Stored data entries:
┄┄┄┄┄┄┄┄┄┄

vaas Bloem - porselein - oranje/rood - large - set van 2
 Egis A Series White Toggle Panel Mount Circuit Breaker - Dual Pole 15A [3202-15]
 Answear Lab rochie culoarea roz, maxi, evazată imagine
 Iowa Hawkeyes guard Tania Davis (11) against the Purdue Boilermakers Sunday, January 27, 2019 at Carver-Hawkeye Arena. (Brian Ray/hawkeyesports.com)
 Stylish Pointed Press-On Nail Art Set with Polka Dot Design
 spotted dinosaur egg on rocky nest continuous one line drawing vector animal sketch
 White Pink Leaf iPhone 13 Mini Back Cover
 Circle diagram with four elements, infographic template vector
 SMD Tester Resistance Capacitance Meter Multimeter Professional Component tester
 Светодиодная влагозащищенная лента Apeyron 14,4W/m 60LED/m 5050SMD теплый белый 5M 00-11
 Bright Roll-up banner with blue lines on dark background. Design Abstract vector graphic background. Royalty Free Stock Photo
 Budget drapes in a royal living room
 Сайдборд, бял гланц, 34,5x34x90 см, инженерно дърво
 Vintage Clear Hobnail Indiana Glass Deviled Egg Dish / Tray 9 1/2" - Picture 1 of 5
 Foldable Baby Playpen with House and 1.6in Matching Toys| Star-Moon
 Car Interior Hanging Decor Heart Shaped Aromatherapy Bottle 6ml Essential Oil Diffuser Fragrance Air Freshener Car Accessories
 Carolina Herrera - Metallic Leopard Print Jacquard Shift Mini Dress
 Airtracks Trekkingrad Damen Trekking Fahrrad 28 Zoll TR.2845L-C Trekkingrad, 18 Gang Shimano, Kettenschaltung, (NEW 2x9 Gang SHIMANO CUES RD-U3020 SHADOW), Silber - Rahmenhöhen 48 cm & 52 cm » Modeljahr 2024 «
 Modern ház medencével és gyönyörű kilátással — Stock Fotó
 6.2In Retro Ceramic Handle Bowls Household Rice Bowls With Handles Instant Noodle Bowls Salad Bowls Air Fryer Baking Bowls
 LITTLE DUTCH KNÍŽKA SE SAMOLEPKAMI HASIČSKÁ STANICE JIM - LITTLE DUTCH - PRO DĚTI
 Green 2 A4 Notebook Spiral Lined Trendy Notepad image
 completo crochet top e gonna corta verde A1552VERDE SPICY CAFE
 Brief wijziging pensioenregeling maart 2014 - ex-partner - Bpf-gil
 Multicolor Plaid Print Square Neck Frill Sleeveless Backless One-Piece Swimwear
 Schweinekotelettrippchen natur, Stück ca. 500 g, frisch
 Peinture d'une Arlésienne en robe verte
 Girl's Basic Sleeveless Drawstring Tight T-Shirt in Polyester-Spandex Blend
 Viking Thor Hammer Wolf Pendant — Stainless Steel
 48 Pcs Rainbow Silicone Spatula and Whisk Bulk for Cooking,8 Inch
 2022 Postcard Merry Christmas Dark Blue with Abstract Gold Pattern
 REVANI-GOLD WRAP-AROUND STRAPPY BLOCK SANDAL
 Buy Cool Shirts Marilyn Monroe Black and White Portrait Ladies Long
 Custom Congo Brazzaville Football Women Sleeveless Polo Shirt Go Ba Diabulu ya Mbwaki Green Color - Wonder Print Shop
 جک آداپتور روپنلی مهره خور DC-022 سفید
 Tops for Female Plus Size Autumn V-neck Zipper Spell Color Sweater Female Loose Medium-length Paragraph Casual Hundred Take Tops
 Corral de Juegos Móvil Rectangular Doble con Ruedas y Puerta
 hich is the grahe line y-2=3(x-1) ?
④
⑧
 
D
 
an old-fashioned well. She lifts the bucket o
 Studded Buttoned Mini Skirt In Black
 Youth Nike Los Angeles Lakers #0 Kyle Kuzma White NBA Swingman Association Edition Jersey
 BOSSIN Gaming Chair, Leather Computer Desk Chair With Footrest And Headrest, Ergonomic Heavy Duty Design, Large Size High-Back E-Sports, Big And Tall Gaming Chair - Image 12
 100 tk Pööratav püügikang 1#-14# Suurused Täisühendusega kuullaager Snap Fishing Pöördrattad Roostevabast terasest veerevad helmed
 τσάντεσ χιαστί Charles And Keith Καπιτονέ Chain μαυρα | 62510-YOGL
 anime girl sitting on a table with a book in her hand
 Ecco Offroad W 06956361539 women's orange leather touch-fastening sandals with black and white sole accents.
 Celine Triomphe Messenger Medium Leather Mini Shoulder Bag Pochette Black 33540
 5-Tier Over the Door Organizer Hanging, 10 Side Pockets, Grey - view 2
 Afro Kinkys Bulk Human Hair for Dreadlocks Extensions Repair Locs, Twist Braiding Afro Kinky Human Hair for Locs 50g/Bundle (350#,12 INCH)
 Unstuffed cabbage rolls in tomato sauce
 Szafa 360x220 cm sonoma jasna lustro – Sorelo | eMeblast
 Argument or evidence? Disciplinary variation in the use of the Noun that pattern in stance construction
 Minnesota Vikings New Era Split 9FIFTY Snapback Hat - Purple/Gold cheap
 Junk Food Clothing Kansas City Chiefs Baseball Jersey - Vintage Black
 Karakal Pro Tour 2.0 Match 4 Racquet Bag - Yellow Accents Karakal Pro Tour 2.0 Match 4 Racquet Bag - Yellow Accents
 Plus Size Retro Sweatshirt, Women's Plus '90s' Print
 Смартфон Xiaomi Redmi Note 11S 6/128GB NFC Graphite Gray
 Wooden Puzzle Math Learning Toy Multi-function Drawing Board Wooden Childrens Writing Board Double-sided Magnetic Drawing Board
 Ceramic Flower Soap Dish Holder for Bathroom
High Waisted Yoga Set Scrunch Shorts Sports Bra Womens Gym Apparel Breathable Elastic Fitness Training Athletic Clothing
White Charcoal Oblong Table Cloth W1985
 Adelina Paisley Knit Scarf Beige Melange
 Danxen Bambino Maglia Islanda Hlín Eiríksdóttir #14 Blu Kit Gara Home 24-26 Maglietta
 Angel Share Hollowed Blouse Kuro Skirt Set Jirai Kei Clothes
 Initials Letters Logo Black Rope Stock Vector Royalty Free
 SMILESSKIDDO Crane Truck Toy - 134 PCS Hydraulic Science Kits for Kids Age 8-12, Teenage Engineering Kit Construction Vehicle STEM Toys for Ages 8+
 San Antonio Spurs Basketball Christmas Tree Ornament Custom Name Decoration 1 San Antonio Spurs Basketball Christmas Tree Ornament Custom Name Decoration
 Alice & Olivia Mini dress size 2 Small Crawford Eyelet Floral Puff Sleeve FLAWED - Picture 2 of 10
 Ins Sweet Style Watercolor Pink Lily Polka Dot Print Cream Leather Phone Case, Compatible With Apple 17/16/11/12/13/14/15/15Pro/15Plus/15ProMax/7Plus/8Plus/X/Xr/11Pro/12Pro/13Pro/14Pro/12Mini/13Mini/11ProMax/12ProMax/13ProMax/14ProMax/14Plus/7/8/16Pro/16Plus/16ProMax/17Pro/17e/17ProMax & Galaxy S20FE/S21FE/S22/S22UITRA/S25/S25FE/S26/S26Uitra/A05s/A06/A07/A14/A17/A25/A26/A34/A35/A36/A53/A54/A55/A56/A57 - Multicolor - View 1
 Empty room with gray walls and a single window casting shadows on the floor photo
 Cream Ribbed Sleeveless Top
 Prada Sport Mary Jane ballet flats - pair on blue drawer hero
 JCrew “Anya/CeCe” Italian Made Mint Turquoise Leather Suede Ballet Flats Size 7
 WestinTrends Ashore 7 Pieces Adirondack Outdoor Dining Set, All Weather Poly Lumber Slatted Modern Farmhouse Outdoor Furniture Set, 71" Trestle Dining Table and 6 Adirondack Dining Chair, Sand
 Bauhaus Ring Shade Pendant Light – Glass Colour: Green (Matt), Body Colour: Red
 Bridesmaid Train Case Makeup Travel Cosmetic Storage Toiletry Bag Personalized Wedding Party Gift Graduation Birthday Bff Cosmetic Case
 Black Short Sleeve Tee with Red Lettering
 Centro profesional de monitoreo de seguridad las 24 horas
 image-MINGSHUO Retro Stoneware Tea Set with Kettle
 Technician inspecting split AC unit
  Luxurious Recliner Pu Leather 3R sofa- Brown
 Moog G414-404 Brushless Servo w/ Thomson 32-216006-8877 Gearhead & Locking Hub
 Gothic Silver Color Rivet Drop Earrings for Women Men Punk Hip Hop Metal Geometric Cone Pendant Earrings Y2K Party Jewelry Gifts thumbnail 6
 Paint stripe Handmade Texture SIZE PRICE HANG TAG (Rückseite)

┄┄┄┄┄┄┄┄┄┄

What is required =
Reproduce the entries above exactly, but only the lines between the line holding "White Charcoal Oblong Table Cloth W1985" and the line holding "Alice & Olivia", inclusive.

Reply to the exercise =
White Charcoal Oblong Table Cloth W1985
 Adelina Paisley Knit Scarf Beige Melange
 Danxen Bambino Maglia Islanda Hlín Eiríksdóttir #14 Blu Kit Gara Home 24-26 Maglietta
 Angel Share Hollowed Blouse Kuro Skirt Set Jirai Kei Clothes
 Initials Letters Logo Black Rope Stock Vector Royalty Free
 SMILESSKIDDO Crane Truck Toy - 134 PCS Hydraulic Science Kits for Kids Age 8-12, Teenage Engineering Kit Construction Vehicle STEM Toys for Ages 8+
 San Antonio Spurs Basketball Christmas Tree Ornament Custom Name Decoration 1 San Antonio Spurs Basketball Christmas Tree Ornament Custom Name Decoration
 Alice & Olivia Mini dress size 2 Small Crawford Eyelet Floral Puff Sleeve FLAWED - Picture 2 of 10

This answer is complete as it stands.